A Pastoral Letter from Bishop Alvaro Corrada
To all Priests, Deacons, Men and Women Religious, Catholic Lay Faithful and
Our Brothers and Sisters in the Diocese of Tyler


My Dear Brothers and Sisters in Christ:

Christ Jesus asked Simon Peter “Do you love Me?” and said to him, “Feed My lambs... Tend My sheep... Feed My sheep.” 1 Our Lord puts the same question and issues the same charge to me, your bishop, the shepherd of the flock in East Texas. “Do you love Me?” is the question that I must answer for myself and, in turn, I must place before all of you in His name.

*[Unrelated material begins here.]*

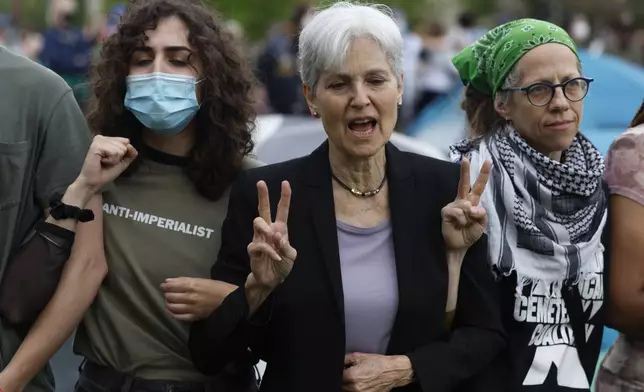 Green Party presidential candidate Jill Stein, center, links arms with others while surrounding pro-Palestinian protesters as police show up to their encampment on the campus of Washington University, Saturday, April 27, 2024, in St. Louis, Mo. Dozens were arrested during the protest. (Christine Tannous/St. Louis Post-Dispatch via AP)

As Catholic disciples of Christ Jesus in the Diocesan Church of Tyler, each of us must answer for ourselves, “Do you love Me?” Indeed, this question is so powerful in its simplicity that it demands a response. We cannot merely remain silent or otherwise avoid giving a response, for “no response” is itself a heartbreaking answer to this most intimate question of faith and love. You and I must give an answer to Jesus, for the answer we give decides our relationship with Him. Our affirmative answer, His gift of grace to us, defines us as men and women of hope. Indeed, it charts the course of our very lives along the one path to holiness and happiness, the following of Jesus.

I. Secularism as an Ideology is a Threat to Our Holiness and Happiness

1. The secular world is where we disciples of Christ live. In this fallen and redeemed world, we find the soil in which to sow the seed of the Gospel to yield a good harvest.2 As disciples, we do this “by presenting true teaching in a fitting manner and by the full and complete life of the Church and of her members” and so counter the effects of deadly ideologies. 3 We disciples of Christ do not surrender humanity or the secular world to the ideologies of secularism, materialism, consumerism, atheism, or any other.

We are nevertheless confronted with the emergence of secularism as an ideology that becomes the fundamental and guiding principle of our society. Secularism as an ideology, largely animated by undisciplined consumerism, presents a most insidious threat to our human dignity, to our holiness and lasting happiness. Distracted and deceived, we are at risk of being seduced with the promise of happiness made by our own natural power, “...without God, before God, and not in accordance with God”. 4 Lured away from God in the practice of everyday activities directed toward personal happiness apart from holiness, we lose sight of the one God, of our true purpose as human persons.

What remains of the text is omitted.